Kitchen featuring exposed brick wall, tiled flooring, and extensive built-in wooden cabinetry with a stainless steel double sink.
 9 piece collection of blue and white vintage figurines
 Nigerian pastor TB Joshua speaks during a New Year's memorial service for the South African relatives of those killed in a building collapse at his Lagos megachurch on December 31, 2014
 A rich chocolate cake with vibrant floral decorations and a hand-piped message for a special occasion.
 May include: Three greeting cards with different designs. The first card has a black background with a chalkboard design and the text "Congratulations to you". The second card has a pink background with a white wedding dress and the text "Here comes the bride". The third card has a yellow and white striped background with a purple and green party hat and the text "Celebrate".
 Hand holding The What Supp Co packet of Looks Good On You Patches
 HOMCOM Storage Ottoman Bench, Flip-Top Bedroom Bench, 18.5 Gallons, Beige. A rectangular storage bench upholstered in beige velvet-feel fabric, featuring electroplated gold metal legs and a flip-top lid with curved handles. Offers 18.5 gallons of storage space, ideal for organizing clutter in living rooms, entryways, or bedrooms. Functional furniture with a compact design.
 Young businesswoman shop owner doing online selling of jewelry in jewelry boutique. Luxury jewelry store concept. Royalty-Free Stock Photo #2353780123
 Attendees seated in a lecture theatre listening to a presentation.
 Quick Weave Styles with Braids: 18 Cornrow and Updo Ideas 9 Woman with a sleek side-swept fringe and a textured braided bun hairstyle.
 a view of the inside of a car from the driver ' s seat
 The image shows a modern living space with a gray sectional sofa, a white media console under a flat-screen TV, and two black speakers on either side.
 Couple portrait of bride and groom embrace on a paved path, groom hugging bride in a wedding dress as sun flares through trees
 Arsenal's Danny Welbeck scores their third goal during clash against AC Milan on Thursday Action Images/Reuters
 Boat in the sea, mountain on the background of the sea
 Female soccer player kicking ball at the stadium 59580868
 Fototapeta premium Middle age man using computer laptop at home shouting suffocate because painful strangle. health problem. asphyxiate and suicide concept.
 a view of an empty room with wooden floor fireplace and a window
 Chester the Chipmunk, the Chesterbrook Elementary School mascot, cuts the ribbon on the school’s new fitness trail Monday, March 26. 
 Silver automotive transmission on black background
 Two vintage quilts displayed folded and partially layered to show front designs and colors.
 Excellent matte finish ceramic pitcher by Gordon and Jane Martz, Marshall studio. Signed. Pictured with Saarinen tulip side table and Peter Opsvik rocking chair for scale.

» Task directions: Pick out each line above that includes "third" and show it.

» Exercise result:
 May include: Three greeting cards with different designs. The first card has a black background with a chalkboard design and the text "Congratulations to you". The second card has a pink background with a white wedding dress and the text "Here comes the bride". The third card has a yellow and white striped background with a purple and green party hat and the text "Celebrate".
 Arsenal's Danny Welbeck scores their third goal during clash against AC Milan on Thursday Action Images/Reuters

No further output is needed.